What the task requires: Exactly the lines from the one containing "Eikunn Merry Christmas" through the end of the listing below are required, restated word for word and without pictures.

Provided material:
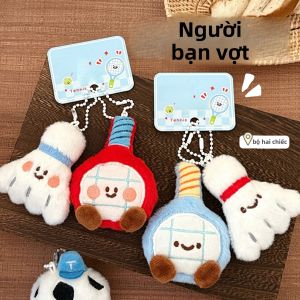 2/8 Cái Dễ Thương Sang Trọng Bộ Vợt Búp Bê Mặt Dây Chuyền Móc Khóa Túi Trang Trí Cặp Đôi Chủ Đề Hoạt Hình Phụ Kiện Thời Trang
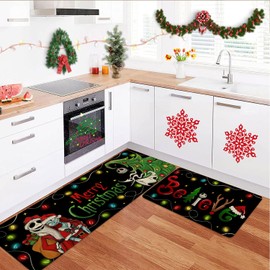 Eikunn Merry Christmas Believe Kitchen Rug Set of 2,Xmas Jack Skellington Sally Black Kitchen Mat for Floor,Christmas Rugs for Kitchen Christmas Kitchen Decor Christmas Decorations for Home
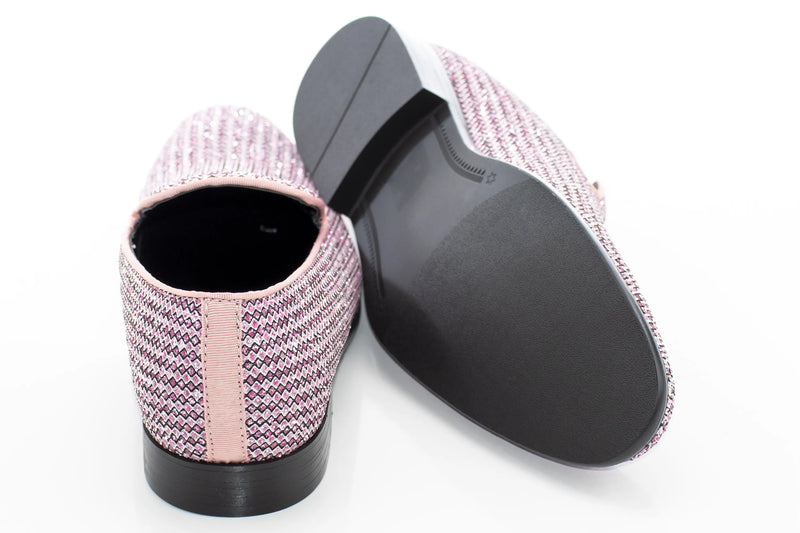 Pink Rhinestone Encrusted Smoking Loafer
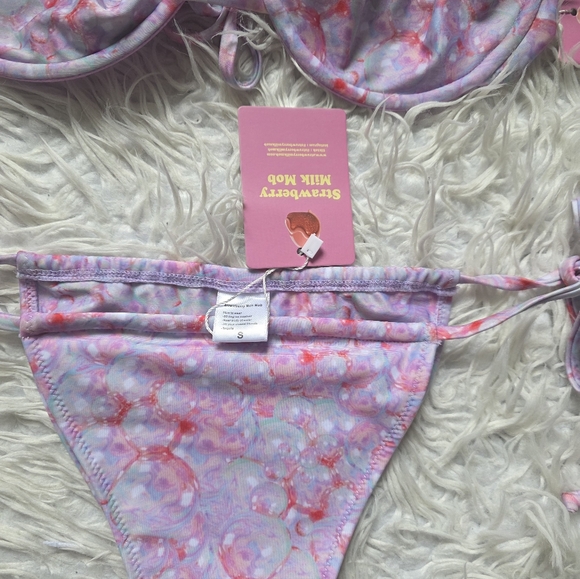 Strawberry Milk Mob Pink and Purple Tie-Dye Bikini Set - Picture 8 of 9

Answer for the task:
 Eikunn Merry Christmas Believe Kitchen Rug Set of 2,Xmas Jack Skellington Sally Black Kitchen Mat for Floor,Christmas Rugs for Kitchen Christmas Kitchen Decor Christmas Decorations for Home
 Pink Rhinestone Encrusted Smoking Loafer
 Strawberry Milk Mob Pink and Purple Tie-Dye Bikini Set - Picture 8 of 9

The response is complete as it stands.